[Work required]
The expected output is the data below, character for character, without its pictures.

+++ Stored data +++

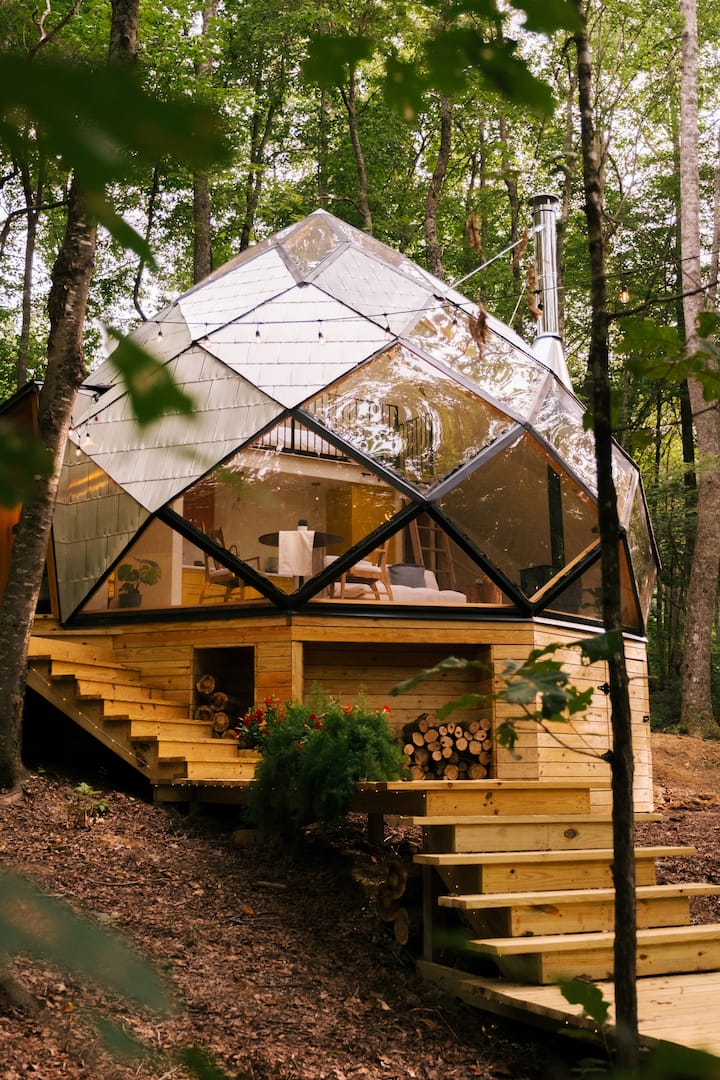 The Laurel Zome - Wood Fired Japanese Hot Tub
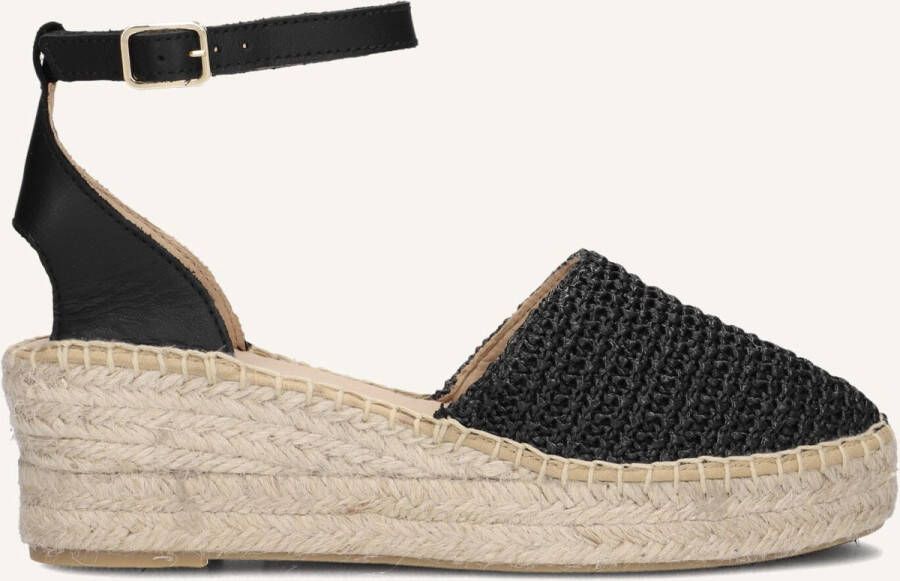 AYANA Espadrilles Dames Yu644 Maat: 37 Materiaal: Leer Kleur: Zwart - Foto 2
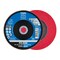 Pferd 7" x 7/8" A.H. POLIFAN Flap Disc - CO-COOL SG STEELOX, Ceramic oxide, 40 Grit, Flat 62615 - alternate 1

+++

[Response to this exercise]
 The Laurel Zome - Wood Fired Japanese Hot Tub
 AYANA Espadrilles Dames Yu644 Maat: 37 Materiaal: Leer Kleur: Zwart - Foto 2
 Pferd 7" x 7/8" A.H. POLIFAN Flap Disc - CO-COOL SG STEELOX, Ceramic oxide, 40 Grit, Flat 62615 - alternate 1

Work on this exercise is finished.